Distributed tracing is no longer optional for organisations running microservices. The visibility it provides into cross-service request flows is essential for debugging production issues that span multiple services.

The basics of distributed tracing

A distributed trace tracks a request as it flows through multiple services. Each service adds a span to the trace: a record of the service name, operation, start time, duration, and relevant tags. Spans are linked by trace context (a trace ID and parent span ID) propagated in request headers. The assembled trace shows the full call tree for a request, including which services were called, in what order, and how long each took.

OpenTelemetry as the standard

OpenTelemetry (OTEL), the merger of OpenTracing and OpenCensus under the CNCF umbrella, became the de-facto standard for distributed tracing instrumentation in 2021. The SDK provides automatic instrumentation for common frameworks (.NET, Node.js, Java, Python, Go) that instruments HTTP clients, databases, and message queue clients without code changes. The OTEL collector aggregates telemetry and routes it to the backend of choice.

Sampling strategies

Tracing every request at full fidelity produces enormous data volumes and storage costs. Sampling reduces the trace volume. Head-based sampling decides at the entry point whether to trace a request (simple, cheap, misses important tail-latency events). Tail-based sampling buffers spans and makes the sampling decision after the full trace is assembled (captures anomalies at the cost of buffering latency and complexity). Adaptive sampling adjusts rates based on error rates and latency outliers.

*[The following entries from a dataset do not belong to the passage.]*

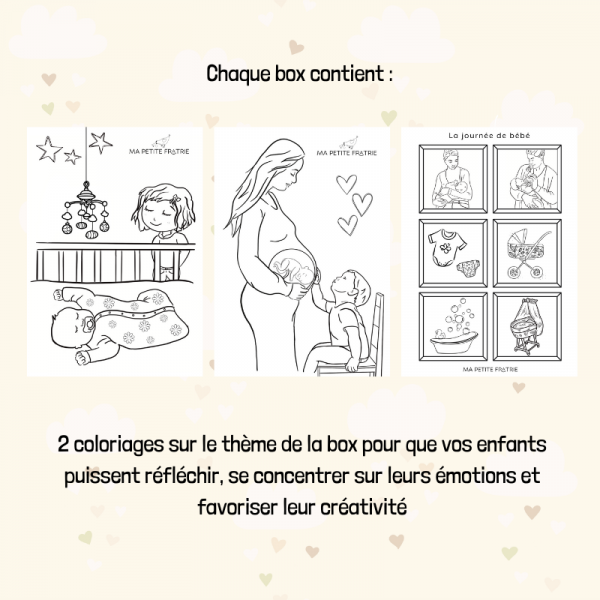 Boîte Futur Grand Frère ou Grande Sœur avec abonnement 6 mois – Image 6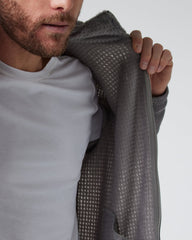 Vuori Fairfield Full Zip Jacket Shiitake Fleece Jacket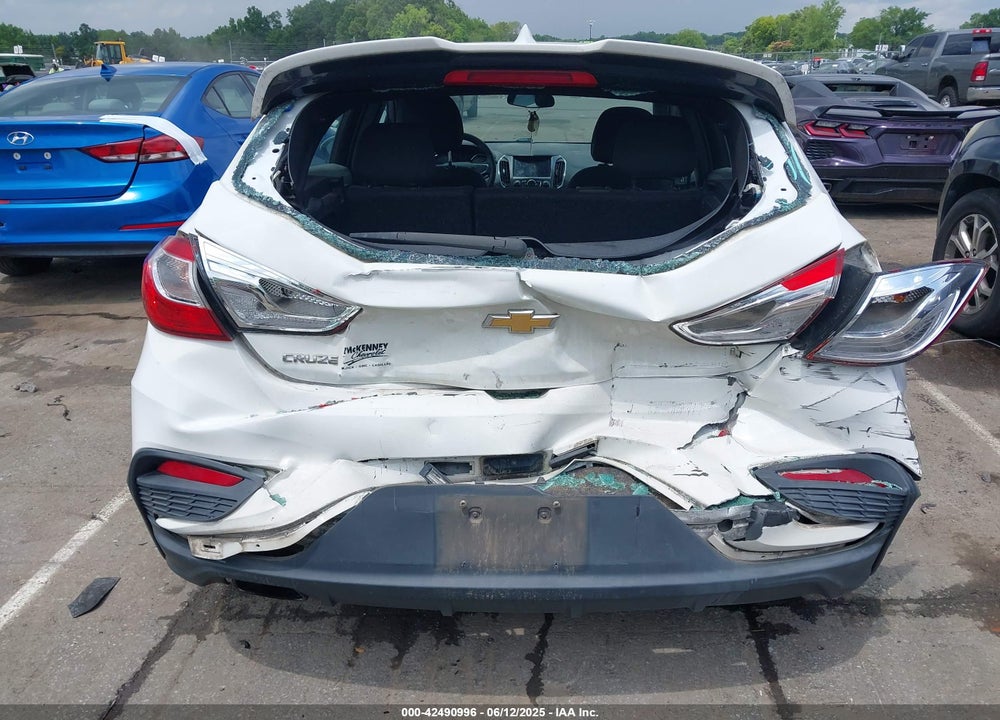 2017 CHEVROLET CRUZE VIN: 3G1BE6SM9HS535046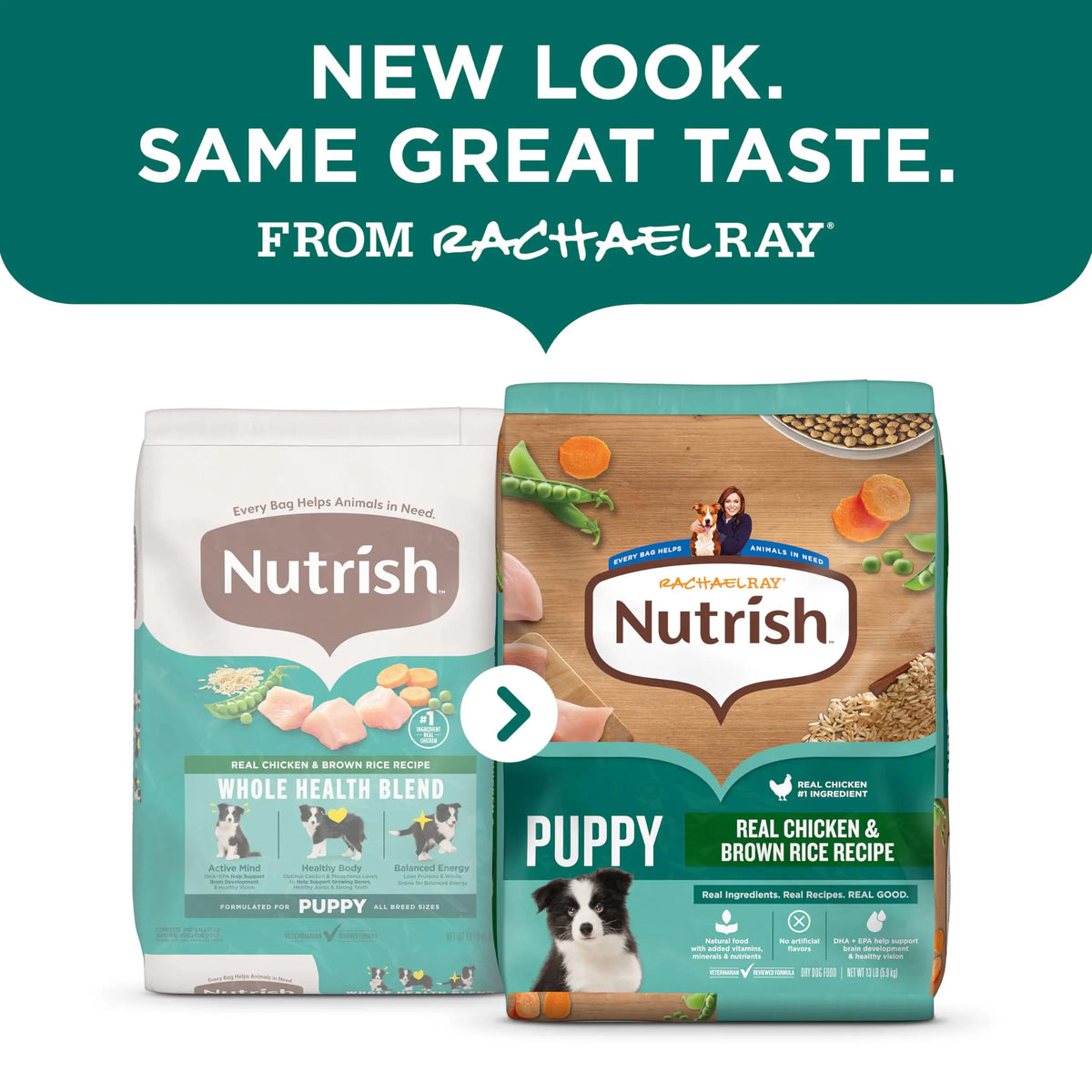 Nutrish Rachael Ray Puppy Dry Dog Food - FurrBaby Necessities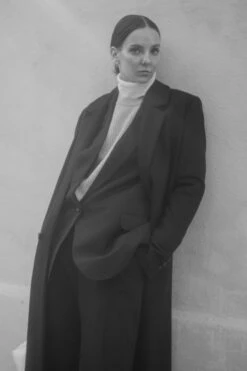 Morris Blazer In Black -DOROTHE Clothing Shop 036A0268 bw web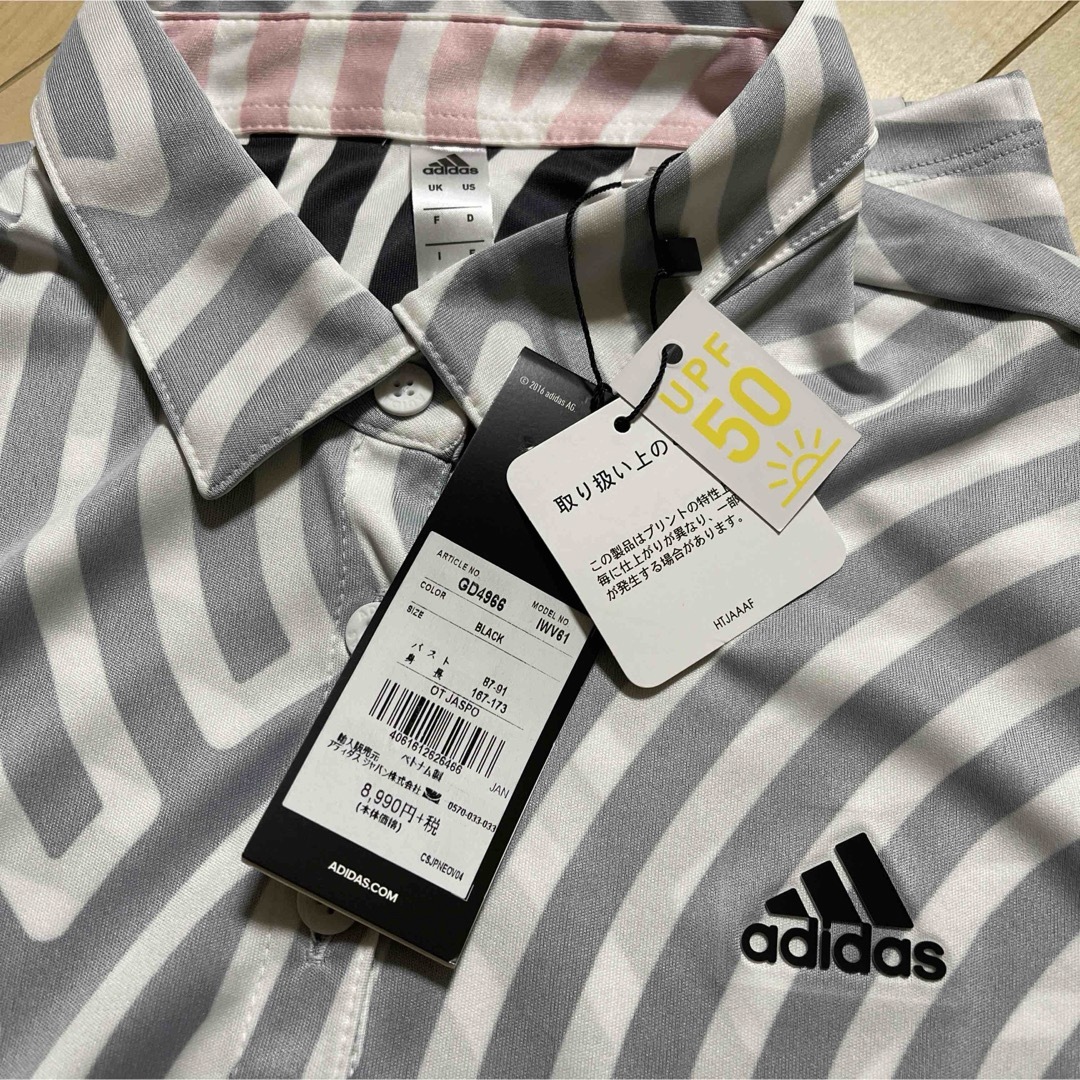 adidas(アディダス)の専用　adidas ゴルフ　ポロシャツ スポーツ/アウトドアのゴルフ(ウエア)の商品写真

The Jaeger and Zipkin backends

Jaeger (CNCF-graduated) and Zipkin (Twitter-originated) are the two open-source distributed tracing backends. Jaeger provides a query UI for trace exploration, dependency graph visualisation, and trace comparison. Jaeger's deployment model supports both all-in-one for development and a distributed production deployment with separate collector, query, and storage components. Elasticsearch and Cassandra are the supported production storage backends.